• [WORK INSTRUCTIONS] Copy out the full listing below as it stands, with its pictures left behind.

• [RECORD EXCERPTS]
* * * *
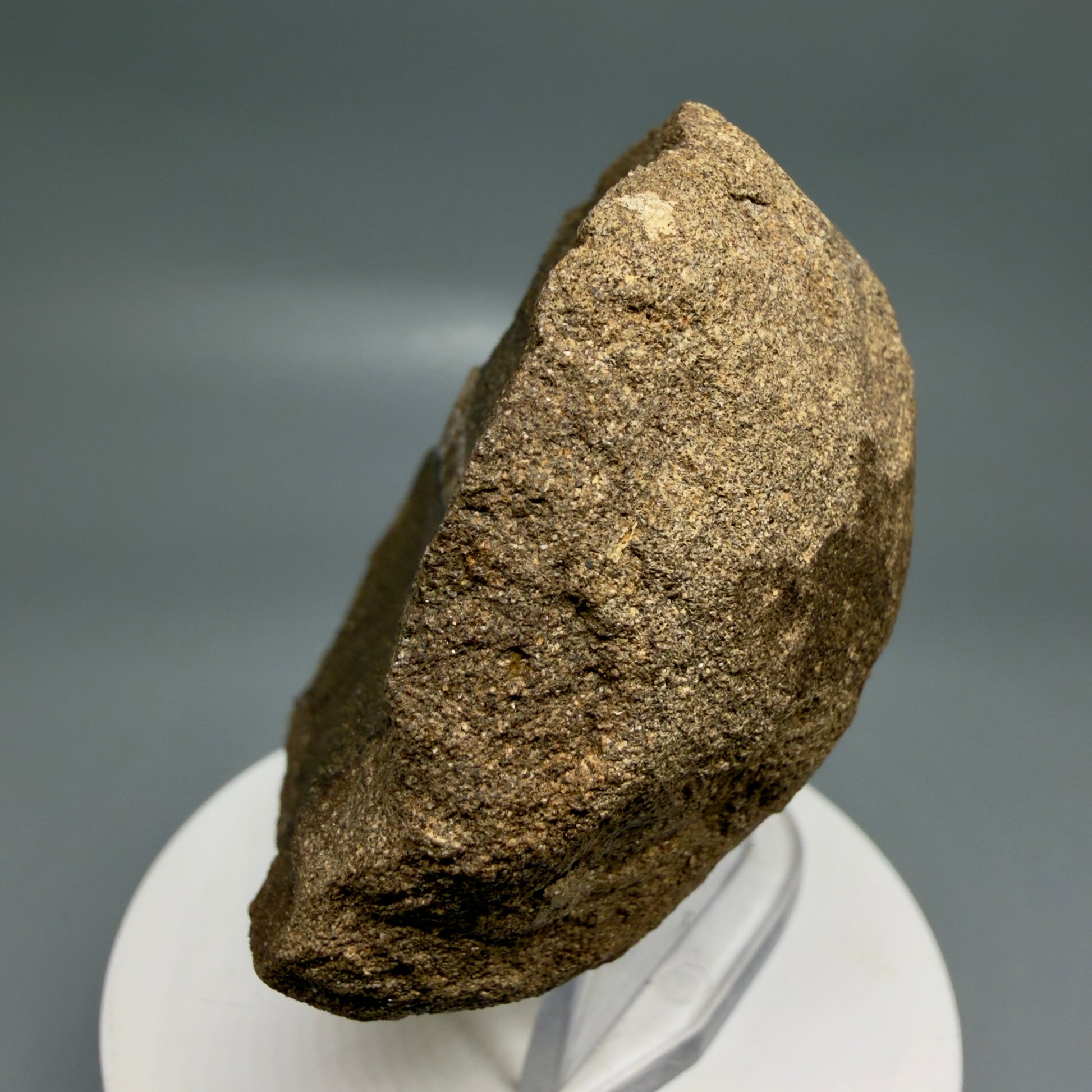 Front Right View Rare, in matrix 0.78" wide Fossil Notorynchus kempi - Sevengill Cow Shark Tooth from Washington R643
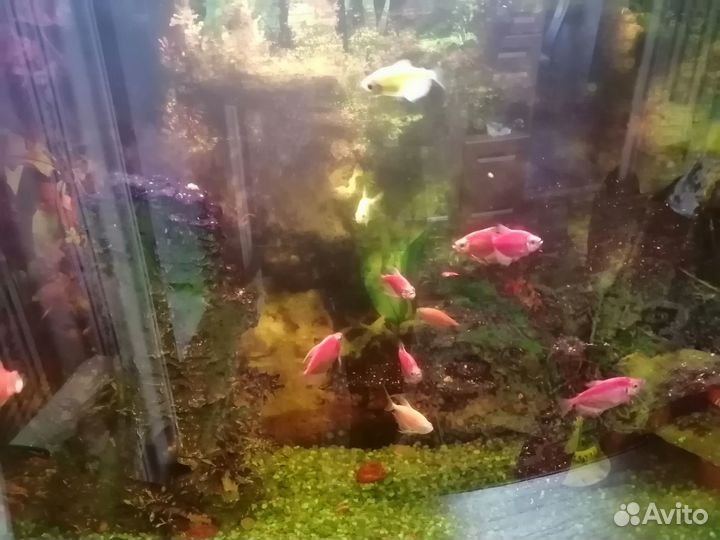 Продам аквариум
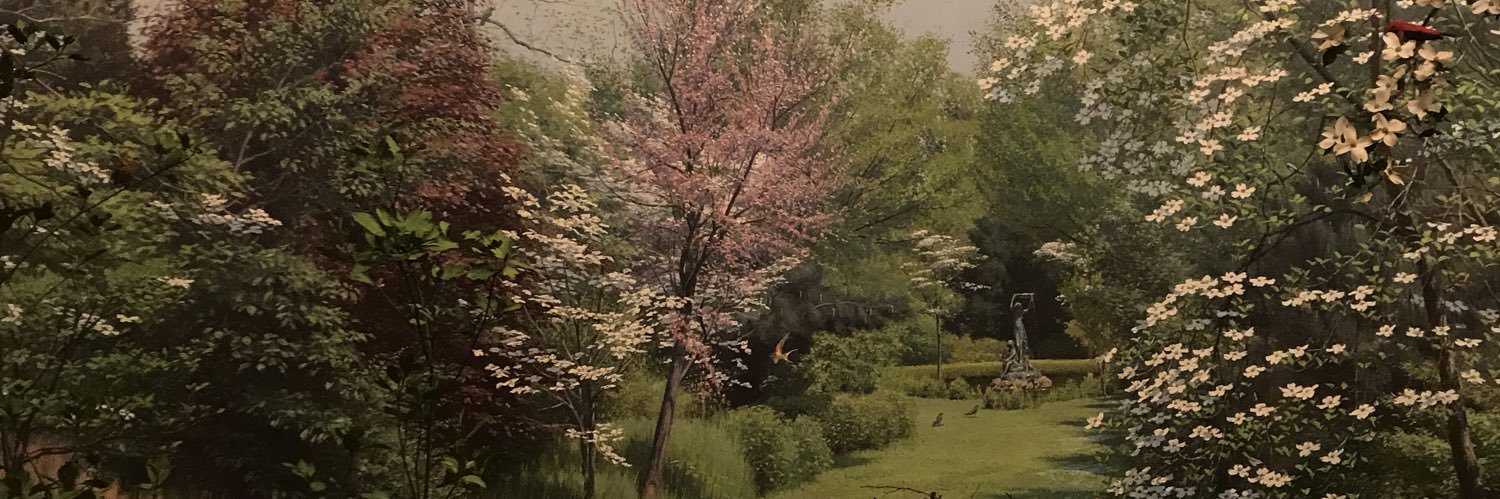 tallydahly's profile banner image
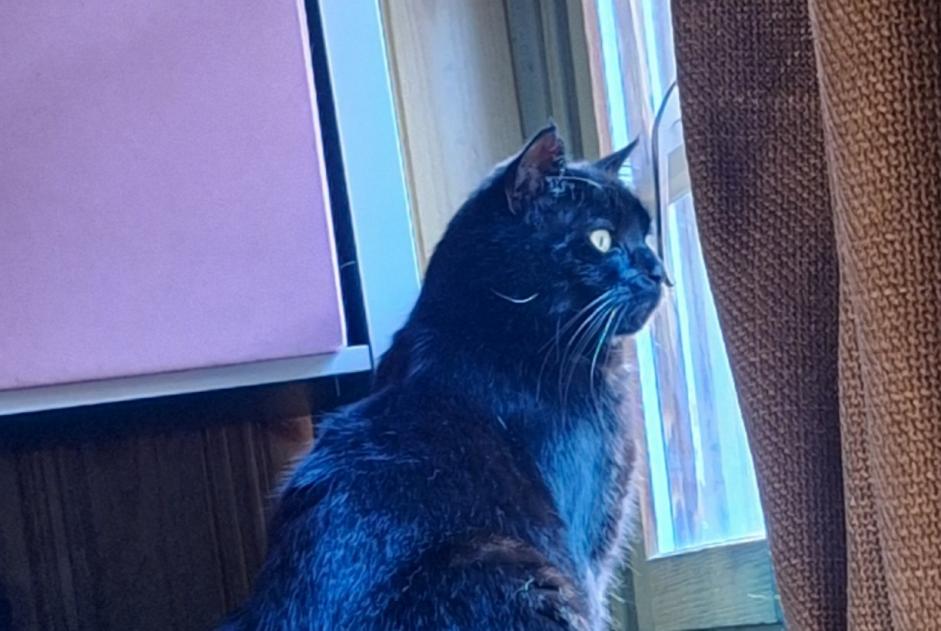 Alerte Disparition Chat Mâle , 6 ans Sion Suisse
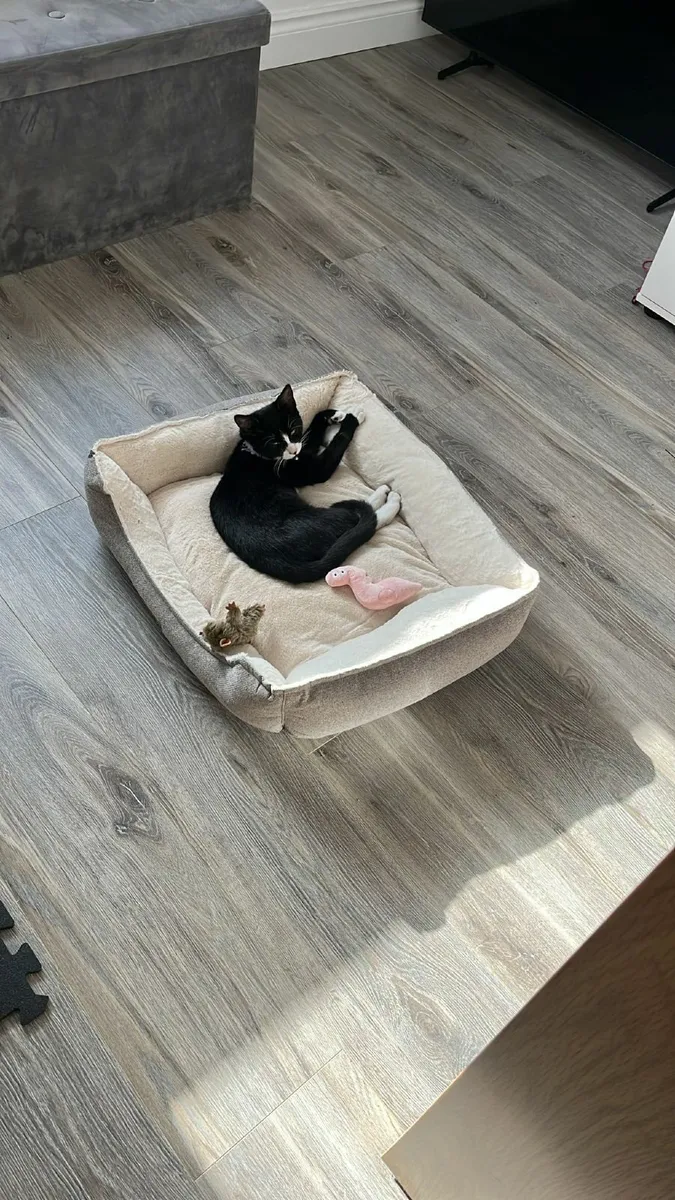 4 month old female kitten - Image 1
* * * *
• [WRITTEN SOLUTION]
 Front Right View Rare, in matrix 0.78" wide Fossil Notorynchus kempi - Sevengill Cow Shark Tooth from Washington R643
 Продам аквариум
 tallydahly's profile banner image
 Alerte Disparition Chat Mâle , 6 ans Sion Suisse
 4 month old female kitten - Image 1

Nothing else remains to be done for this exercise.